Perturbação de Luto Prolongado

O luto normal é um processo caracterizado por reações psicológicas graves


como a angústia, a raiva, o choque, que vai evoluindo para uma fase mais integrativa
um ano após a morte. Não é uma condição patológica e, como tal, não requer uma
intervenção específica. No entanto, quando esta integração não ocorre, o indivíduo pode
ter manifestações patológicas relacionadas com o luto (De Stefano et al., 2020).
A Perturbação de Luto Prolongado (PLP) é caracterizada por reações de luto
severas e incapacitantes, por um longo período, após a perda de uma pessoa
significativa (Rosner et al., 2021). A inclusão da PLP no ICD-11 e no DSM-5 veio
introduzir um consenso relativamente às definições de luto patológico (Eisma, 2023).
Da perspetiva da PLP, os sintomas de luto por si só não são atípicos nem
patológicos, caracterizando-se por sintomas normais de luto que permanecem
demasiado intensos por um período demasiado longo. Este é um diagnóstico que se
aplica a enlutados em risco de stress e disfunção significativa, e que, ao preencherem os
critérios de diagnóstico do DSM-V e do ICD-11, podem beneficiar de tratamento
especializado (Prigerson, Singer & Killikelly, 2023).

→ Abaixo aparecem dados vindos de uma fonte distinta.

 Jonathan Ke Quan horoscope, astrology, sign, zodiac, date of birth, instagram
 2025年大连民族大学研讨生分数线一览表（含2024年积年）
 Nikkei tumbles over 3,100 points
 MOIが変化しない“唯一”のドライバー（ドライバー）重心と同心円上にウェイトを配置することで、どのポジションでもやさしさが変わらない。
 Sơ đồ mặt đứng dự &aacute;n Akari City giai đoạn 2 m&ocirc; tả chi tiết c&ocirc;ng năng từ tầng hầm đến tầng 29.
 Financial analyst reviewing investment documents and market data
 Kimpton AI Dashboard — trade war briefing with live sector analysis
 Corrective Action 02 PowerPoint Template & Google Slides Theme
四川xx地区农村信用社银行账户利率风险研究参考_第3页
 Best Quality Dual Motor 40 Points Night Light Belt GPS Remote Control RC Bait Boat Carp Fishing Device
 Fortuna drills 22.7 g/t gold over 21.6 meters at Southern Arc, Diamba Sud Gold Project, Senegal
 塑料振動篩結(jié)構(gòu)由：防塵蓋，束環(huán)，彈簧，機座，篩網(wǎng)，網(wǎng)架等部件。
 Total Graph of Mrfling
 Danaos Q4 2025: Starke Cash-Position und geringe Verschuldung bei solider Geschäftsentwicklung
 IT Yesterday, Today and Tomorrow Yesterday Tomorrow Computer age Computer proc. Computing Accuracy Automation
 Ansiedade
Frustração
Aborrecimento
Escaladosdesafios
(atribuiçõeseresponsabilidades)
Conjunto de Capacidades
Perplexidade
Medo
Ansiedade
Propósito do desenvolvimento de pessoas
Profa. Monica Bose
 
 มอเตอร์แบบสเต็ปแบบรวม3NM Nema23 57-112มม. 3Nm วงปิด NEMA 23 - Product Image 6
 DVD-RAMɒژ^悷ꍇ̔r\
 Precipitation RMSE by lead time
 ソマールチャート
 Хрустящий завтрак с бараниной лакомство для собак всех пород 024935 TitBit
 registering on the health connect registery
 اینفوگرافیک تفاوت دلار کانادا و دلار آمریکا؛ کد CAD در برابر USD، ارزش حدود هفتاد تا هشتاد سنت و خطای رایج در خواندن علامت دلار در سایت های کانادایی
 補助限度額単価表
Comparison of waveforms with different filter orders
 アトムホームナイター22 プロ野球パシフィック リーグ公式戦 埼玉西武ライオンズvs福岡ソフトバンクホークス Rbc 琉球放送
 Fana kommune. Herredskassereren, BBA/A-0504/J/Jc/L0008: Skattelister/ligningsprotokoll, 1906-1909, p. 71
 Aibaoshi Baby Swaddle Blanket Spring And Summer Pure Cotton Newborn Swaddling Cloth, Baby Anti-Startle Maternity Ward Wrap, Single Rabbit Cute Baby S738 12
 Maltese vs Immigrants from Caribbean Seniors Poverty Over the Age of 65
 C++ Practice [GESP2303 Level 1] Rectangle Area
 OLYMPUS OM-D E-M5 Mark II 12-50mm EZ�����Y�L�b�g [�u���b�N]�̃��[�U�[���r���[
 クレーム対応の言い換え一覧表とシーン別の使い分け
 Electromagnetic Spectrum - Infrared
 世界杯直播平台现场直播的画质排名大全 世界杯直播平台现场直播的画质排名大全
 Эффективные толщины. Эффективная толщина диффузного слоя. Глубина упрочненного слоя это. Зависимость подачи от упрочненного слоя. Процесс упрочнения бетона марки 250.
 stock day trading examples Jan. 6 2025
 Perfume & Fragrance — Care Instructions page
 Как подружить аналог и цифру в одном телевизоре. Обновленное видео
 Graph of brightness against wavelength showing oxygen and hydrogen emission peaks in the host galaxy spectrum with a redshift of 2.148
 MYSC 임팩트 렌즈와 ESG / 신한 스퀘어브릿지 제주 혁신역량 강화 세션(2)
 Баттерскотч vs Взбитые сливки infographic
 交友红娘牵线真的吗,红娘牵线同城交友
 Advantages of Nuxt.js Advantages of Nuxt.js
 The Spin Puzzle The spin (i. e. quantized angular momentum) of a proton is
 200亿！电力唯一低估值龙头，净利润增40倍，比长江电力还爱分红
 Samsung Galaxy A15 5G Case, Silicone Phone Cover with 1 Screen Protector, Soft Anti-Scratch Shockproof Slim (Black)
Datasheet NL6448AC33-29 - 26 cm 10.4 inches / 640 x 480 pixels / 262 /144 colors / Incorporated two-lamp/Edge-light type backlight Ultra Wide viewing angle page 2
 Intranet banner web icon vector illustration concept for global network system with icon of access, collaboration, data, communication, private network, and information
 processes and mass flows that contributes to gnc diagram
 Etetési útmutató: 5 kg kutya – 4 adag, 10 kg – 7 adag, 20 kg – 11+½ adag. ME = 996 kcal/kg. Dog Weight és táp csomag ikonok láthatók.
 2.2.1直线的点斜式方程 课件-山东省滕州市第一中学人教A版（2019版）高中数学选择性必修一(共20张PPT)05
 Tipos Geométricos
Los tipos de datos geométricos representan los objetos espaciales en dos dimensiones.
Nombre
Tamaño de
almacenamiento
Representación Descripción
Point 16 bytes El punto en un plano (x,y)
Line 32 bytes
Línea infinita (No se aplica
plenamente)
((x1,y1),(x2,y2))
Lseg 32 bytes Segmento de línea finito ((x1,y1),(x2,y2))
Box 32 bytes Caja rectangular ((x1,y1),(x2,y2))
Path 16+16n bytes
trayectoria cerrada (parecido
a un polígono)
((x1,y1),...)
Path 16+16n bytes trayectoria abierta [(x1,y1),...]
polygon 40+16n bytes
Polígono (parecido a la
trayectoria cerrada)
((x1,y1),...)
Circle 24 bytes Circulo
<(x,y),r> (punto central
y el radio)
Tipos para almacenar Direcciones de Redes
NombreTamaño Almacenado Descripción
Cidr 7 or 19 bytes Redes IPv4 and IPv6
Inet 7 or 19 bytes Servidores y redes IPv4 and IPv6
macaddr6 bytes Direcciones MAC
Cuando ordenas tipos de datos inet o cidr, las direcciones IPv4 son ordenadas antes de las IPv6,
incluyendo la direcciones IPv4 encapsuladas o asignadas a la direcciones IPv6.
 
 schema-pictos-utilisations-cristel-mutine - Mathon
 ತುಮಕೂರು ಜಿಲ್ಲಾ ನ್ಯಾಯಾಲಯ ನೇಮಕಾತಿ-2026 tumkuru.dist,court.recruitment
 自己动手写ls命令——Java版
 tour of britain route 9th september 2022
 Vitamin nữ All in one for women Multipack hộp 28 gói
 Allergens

Embora os manuais de diagnóstico reconheçam a gravidade e persistência dos
sintomas relacionados com o luto, algumas questões importantes colocam-se. Uma
questão prende-se com o facto de o luto patológico poder ser confundido com outras
perturbações, em particular com o Luto Agudo, a Perturbação da Ansiedade de
Separação, a Depressão Major e a Perturbação de Stress Pós-Traumático, devido à
sobreposição de sintomas. Assim, torna-se bastante importante conhecer as patologias
específicas e as características de cada uma, de modo que o diagnóstico seja correto. Só
assim pode o tratamento ser adequado.
Um dos principais critérios para a PLP é a duração dos sintomas, normalmente
com duração de pelo menos seis meses após a morte de um ente querido (APA, 2022).
Contudo, o luto é um processo altamente individualizado e não há consenso sobre o
período de tempo apropriado para distinguir entre reações de luto normais e
prolongadas. Definir um cronograma rígido pode tornar patológicas as variações
naturais no processo e ignorar a complexidade das experiências de luto. Nas palavras de
Emília Agostinho, no vídeo visualizado em aula, “Não há tempo de luto. O luto é muito
longo”.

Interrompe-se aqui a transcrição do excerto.